Varlık Fonu’nun aktifi 160 milyar dolara ulaştı

Hazine Müsteşarı Çelik, Türkiye Varlık Fonu’na Hazine’den devredilen varlıkların aktif büyüklüğünün 160 milyar dolar olduğunu söyleyerek, “Varlık Fonu’na devredilen varlıklarımızın bu anlamda herhangi bir ilave yük getirmesi söz konusu değil” dedi.

YAYINLAMA
GÜNCELLEME

Jülide YİĞİTTÜRK GÜRDAMAR

Hazine Müsteşarı Osman Çelik, Hazine’den Türkiye Varlık Fonu’na devredilen varlıkların aktif büyüklüğünün 160 milyar dolar olduğunu belirterek, “Bize bu varlıklardan düzenli olarak gelmesi planlanan kaynak olarak 1 milyar liralık temettü vardı, o da toplam bütçe ya da Hazine’nin borçlanma programı içerisinde çok önemli bir rakam değil” dedi.

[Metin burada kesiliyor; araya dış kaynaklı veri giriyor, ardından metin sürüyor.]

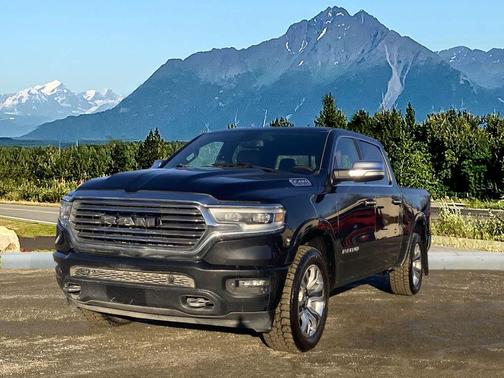 Diamond Black Crystal Pearlcoat 2020 RAM 1500 Longhorn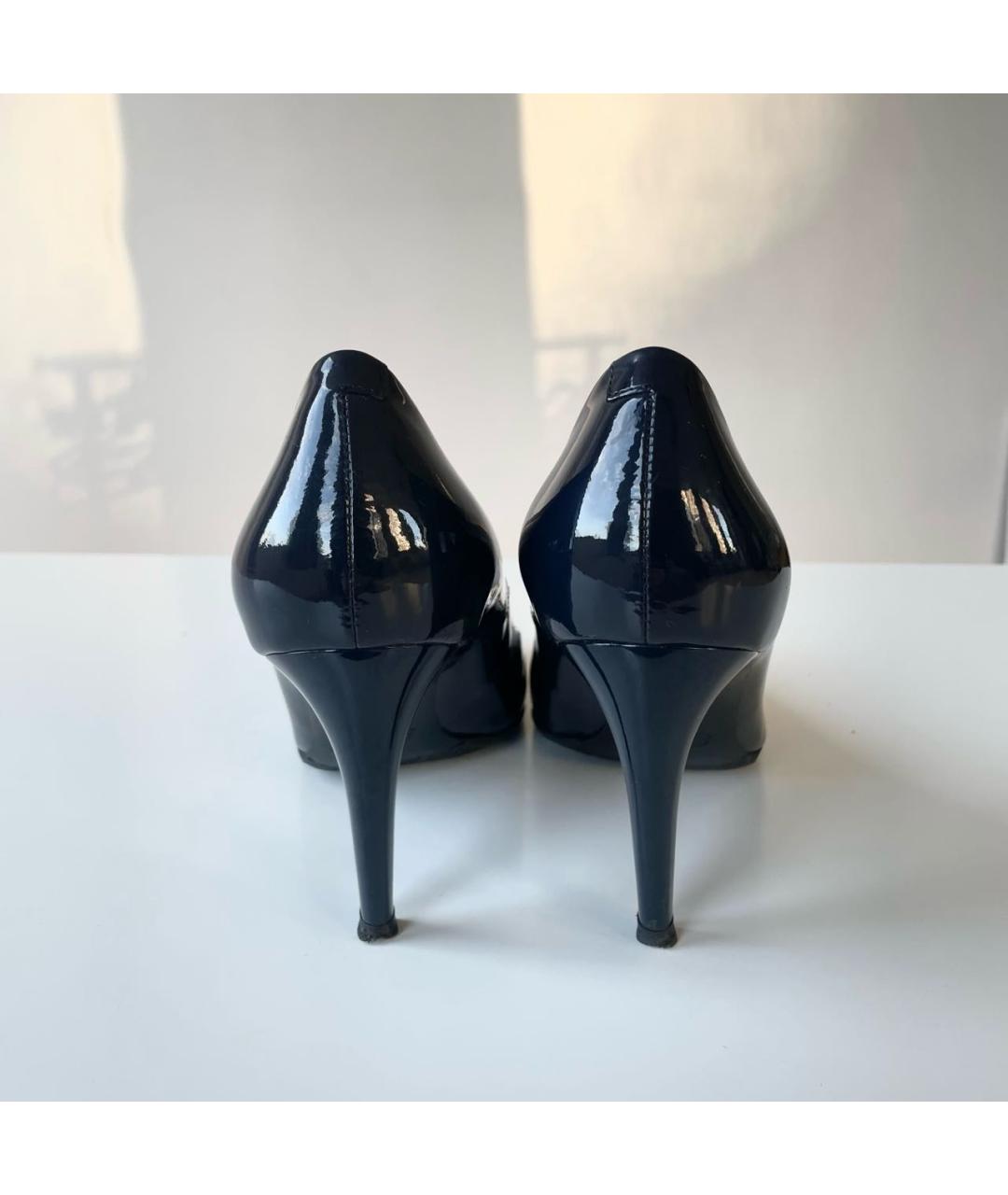 ROGER VIVIER Темно-синие туфли из лакированной кожи, фото 4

Çelik, dün Vodafone Türkiye’nin ana sponsorluğunda, Capital ve Ekonomist dergilerinin öncülüğünde düzenlenen CEO Club Finans Zirvesi’nde gazetecilerin sorularını yanıtladı. Bir gazetecinin “Varlık Fonu’nun kurulmasının ardından Hazine bütçesine gelen temettü, vesaire o tarafa gidecek, bu sizin iç borçlanmanızı artıracak bir şey mi” sorusu üzerine Çelik, borçlanma politikasında herhangi bir değişiklik öngörmediklerini belirterek, “Buradan gelecek olan yük yaklaşık 1 milyar lira. Bizim toplam 133 milyar liralık borçlanma programımız vardı, bu yapı içerisinde bizi etkileyecek bir rakam değil bu. Varlık Fonu’na devredilen varlıklarımızın bu anlamda herhangi bir ilave yük getirmesi söz konusu değil” diye konuştu.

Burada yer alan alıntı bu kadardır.